The March figure is North Carolina’s highest on record since states started the current measuring method in 1976. North Carolina’s jobless rate soared from 7 percent in October to 10.7 percent in February.

“The rate changed very little simply because it changed so much in the four previous months. It had to slow down,” Appalachian State University banking professor Harry Davis. The chief economist for the North Carolina Bankers Association, Davis said he expects the jobless rate to rise to 12 percent by summer and for layoffs to continue until this time next year.

North Carolina’s unemployed ranks have increased by more than 248,000 people in the past year. More than 41,000 workers lost their jobs in March. Only California, Florida and Texas had more pink slips. North Carolina’s jobless rate is also among the country’s most severe, with only Michigan, the leader at 12.6 percent, Oregon, South Carolina, and California suffering more.

North Carolina’s manufacturing and construction industries continued to be severely hurt by the recession, each shedding at least 8,500 jobs in the month as consumers slashed spending. But March was also notable because the sector with the greatest decline was professional and business services, where companies cut 10,100 white-collar jobs.

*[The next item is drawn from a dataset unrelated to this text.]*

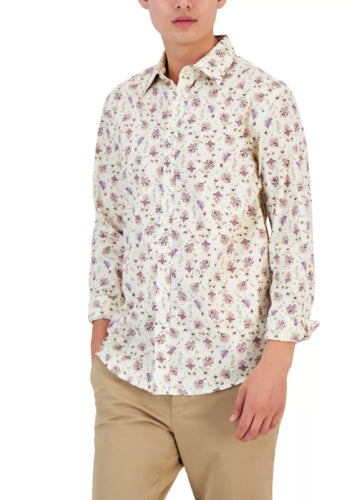 CLUB ROOM Men's Monan Floral Shirt Bright White Small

Davis said he believes that was the result of the contraction in banking and finance firms, especially in Charlotte’s banking center, and related services like law firms and computer services companies.

Still, workers in the professional and business services sector continue to be in demand, with job recruiters hunting for engineers and real estate property managers, said Patsy Wiggins, president of The HR Group Inc., a regional human resource management and consulting firm based in Greensboro.

“I think what people are looking for are very highly skilled positions,” she said.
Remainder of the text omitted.